“Some of the best blowjobs I’ve ever gotten were by dudes pretending to be chicks,” Rush Hour 3 director Brett Ratner has told The Advocate‘s Paul Pratt in an interview piece that went up on 8.3.
Advocate writer Paul Pratt, Rush Hour 3 director Brett Ratner
“My first blow job was from a man, but I didn’t know it was a man,” Ratner explains. This incident, he says, is where a Rush Hour 3 scenes comes from when a hot girl who’s getting down with Chris Tucker takes off her wig, which angers Tucker and leads to his accusing her of being a man. “It comes from personal experience,” says Ratner. “It happens to a lot of people.”
I admire this kind of candor. It’s ballsy. I know a lot of guys who would be horrified to admit even to themselves that they were unwittingly blown by a tranny, much less to the world.

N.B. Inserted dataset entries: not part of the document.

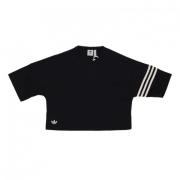 Adidas Svart/Vit W Tee Streetwear T-shirt Black, Dam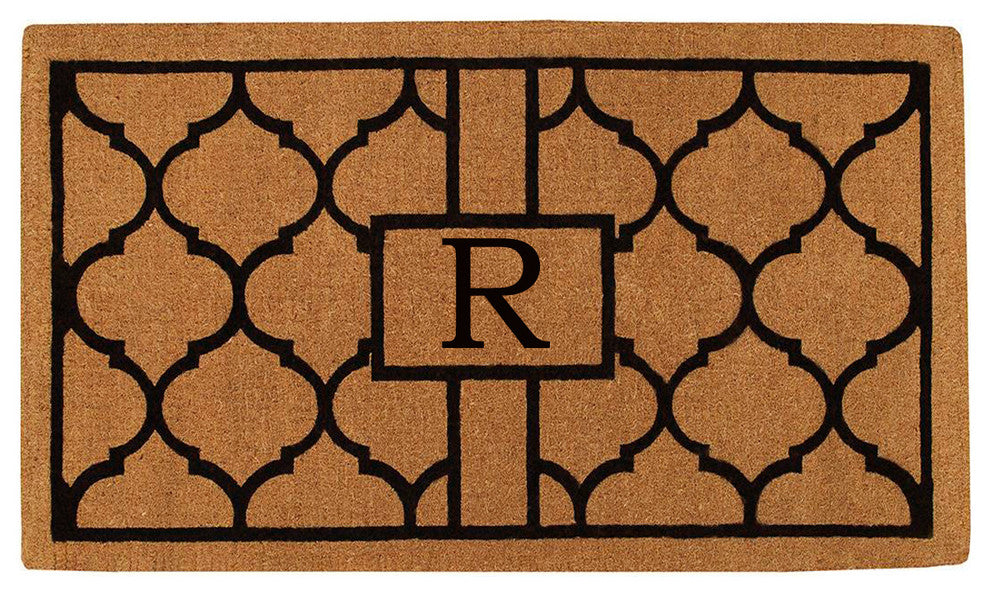 Pantera Monogram Doormat, Extra-Thick 2'x3', Letter R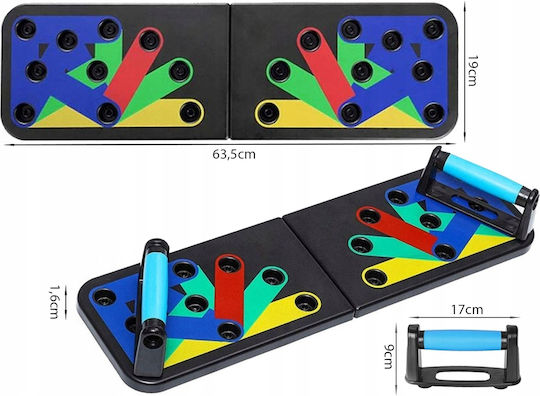 Zola 14 In 1 Foldable Stand Push Ups Exercises Non Slip 63.5 X 19 Cm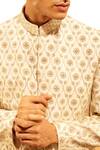 Amaare_Off White Floral Embroidered Sherwani_Online_at_Aza_Fashions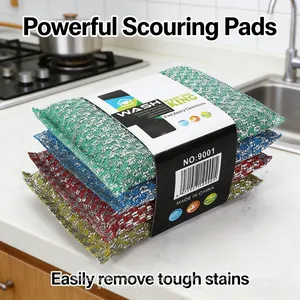 Non-Abrasive Kitchen Sponges 4 Colors Dish Sponges for Non-Stick & Delicate Surfaces thumbnail-1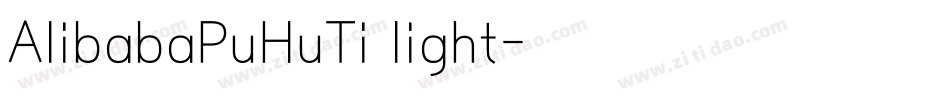 AlibabaPuHuTi light字体转换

If L.A. Weekly critic Scott Foundas is fast on his feet, he’ll insert a parenthetical in his just-up Ratner profile as follows (wth the suggested parenthetical in boldface): “It matters to Ratner that his films seem expressive of his personality,” and that this is evident “perhaps most of all in the Rush Hour movies…in the preponderance of classic r & b and hip-hop on their soundtracks; in their exuberant celebrations of beautiful women (or men possibly pretending to be same), fast cars and other assorted bling; and in their conscious homages to the movies that made Ratner want to become a director in the first place.”
My favorite comment in the Foundas piece about Ratner’s sexual attitudes and experiences comes from director James Toback, to wit: “There are certain people who can get away with a reputation for flirtation and running around — the paradigm being George Clooney. But very few directors can get away with that, and most of them are cagey enough to conceal what they’re really doing.
“I think that just to enjoy a single life as Brett does is a serious detriment to being taken seriously. It’s as if to be sexually curious and freewheeling implies some form of retardation instead of some form of advanced or enlightened consciousness, which is what it just as often is.”